--- Available data ---

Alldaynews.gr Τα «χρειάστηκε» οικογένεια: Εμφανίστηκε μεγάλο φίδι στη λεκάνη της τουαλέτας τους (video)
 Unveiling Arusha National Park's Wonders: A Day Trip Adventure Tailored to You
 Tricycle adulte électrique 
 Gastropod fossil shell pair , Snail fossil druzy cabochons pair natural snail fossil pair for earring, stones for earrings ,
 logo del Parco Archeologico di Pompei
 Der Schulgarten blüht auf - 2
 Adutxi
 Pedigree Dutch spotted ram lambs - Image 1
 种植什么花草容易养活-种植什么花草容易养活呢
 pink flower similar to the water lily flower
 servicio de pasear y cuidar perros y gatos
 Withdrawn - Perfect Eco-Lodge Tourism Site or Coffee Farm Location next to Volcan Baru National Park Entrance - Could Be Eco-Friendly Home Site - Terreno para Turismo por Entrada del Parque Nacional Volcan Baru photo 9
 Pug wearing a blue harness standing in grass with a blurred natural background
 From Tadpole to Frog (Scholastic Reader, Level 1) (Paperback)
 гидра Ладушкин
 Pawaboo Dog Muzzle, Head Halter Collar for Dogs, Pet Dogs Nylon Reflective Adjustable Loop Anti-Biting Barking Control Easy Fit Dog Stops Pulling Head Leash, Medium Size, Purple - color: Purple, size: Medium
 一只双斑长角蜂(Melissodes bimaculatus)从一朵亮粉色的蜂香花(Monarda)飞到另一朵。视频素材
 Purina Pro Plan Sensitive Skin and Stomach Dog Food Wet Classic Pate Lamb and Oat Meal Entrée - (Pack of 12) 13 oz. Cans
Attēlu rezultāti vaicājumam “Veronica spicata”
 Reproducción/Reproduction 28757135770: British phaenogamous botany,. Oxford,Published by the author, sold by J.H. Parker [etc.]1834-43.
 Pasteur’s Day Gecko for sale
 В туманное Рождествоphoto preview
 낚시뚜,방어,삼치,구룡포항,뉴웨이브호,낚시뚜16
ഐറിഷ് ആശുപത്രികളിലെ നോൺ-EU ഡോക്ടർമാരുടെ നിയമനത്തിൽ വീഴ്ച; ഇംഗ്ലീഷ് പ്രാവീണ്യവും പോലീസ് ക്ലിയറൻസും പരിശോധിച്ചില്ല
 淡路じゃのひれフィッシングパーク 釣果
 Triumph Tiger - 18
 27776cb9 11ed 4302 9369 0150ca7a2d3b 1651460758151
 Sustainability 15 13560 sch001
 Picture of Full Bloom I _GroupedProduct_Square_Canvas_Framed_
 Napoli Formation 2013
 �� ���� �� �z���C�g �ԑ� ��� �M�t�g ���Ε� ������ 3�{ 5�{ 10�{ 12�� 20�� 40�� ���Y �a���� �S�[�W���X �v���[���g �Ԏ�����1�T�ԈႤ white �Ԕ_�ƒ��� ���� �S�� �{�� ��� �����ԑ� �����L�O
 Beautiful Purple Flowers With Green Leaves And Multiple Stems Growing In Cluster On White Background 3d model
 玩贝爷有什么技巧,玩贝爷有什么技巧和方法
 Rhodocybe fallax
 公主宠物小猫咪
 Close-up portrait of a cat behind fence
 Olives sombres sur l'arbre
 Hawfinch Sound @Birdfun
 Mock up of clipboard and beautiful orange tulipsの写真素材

---

**What is needed**: Nothing should be dropped or changed, so repeat all of the entries exactly.

**Answer to this problem**:
Alldaynews.gr Τα «χρειάστηκε» οικογένεια: Εμφανίστηκε μεγάλο φίδι στη λεκάνη της τουαλέτας τους (video)
 Unveiling Arusha National Park's Wonders: A Day Trip Adventure Tailored to You
 Tricycle adulte électrique 
 Gastropod fossil shell pair , Snail fossil druzy cabochons pair natural snail fossil pair for earring, stones for earrings ,
 logo del Parco Archeologico di Pompei
 Der Schulgarten blüht auf - 2
 Adutxi
 Pedigree Dutch spotted ram lambs - Image 1
 种植什么花草容易养活-种植什么花草容易养活呢
 pink flower similar to the water lily flower
 servicio de pasear y cuidar perros y gatos
 Withdrawn - Perfect Eco-Lodge Tourism Site or Coffee Farm Location next to Volcan Baru National Park Entrance - Could Be Eco-Friendly Home Site - Terreno para Turismo por Entrada del Parque Nacional Volcan Baru photo 9
 Pug wearing a blue harness standing in grass with a blurred natural background
 From Tadpole to Frog (Scholastic Reader, Level 1) (Paperback)
 гидра Ладушкин
 Pawaboo Dog Muzzle, Head Halter Collar for Dogs, Pet Dogs Nylon Reflective Adjustable Loop Anti-Biting Barking Control Easy Fit Dog Stops Pulling Head Leash, Medium Size, Purple - color: Purple, size: Medium
 一只双斑长角蜂(Melissodes bimaculatus)从一朵亮粉色的蜂香花(Monarda)飞到另一朵。视频素材
 Purina Pro Plan Sensitive Skin and Stomach Dog Food Wet Classic Pate Lamb and Oat Meal Entrée - (Pack of 12) 13 oz. Cans
Attēlu rezultāti vaicājumam “Veronica spicata”
 Reproducción/Reproduction 28757135770: British phaenogamous botany,. Oxford,Published by the author, sold by J.H. Parker [etc.]1834-43.
 Pasteur’s Day Gecko for sale
 В туманное Рождествоphoto preview
 낚시뚜,방어,삼치,구룡포항,뉴웨이브호,낚시뚜16
ഐറിഷ് ആശുപത്രികളിലെ നോൺ-EU ഡോക്ടർമാരുടെ നിയമനത്തിൽ വീഴ്ച; ഇംഗ്ലീഷ് പ്രാവീണ്യവും പോലീസ് ക്ലിയറൻസും പരിശോധിച്ചില്ല
 淡路じゃのひれフィッシングパーク 釣果
 Triumph Tiger - 18
 27776cb9 11ed 4302 9369 0150ca7a2d3b 1651460758151
 Sustainability 15 13560 sch001
 Picture of Full Bloom I _GroupedProduct_Square_Canvas_Framed_
 Napoli Formation 2013
 �� ���� �� �z���C�g �ԑ� ��� �M�t�g ���Ε� ������ 3�{ 5�{ 10�{ 12�� 20�� 40�� ���Y �a���� �S�[�W���X �v���[���g �Ԏ�����1�T�ԈႤ white �Ԕ_�ƒ��� ���� �S�� �{�� ��� �����ԑ� �����L�O
 Beautiful Purple Flowers With Green Leaves And Multiple Stems Growing In Cluster On White Background 3d model
 玩贝爷有什么技巧,玩贝爷有什么技巧和方法
 Rhodocybe fallax
 公主宠物小猫咪
 Close-up portrait of a cat behind fence
 Olives sombres sur l'arbre
 Hawfinch Sound @Birdfun
 Mock up of clipboard and beautiful orange tulipsの写真素材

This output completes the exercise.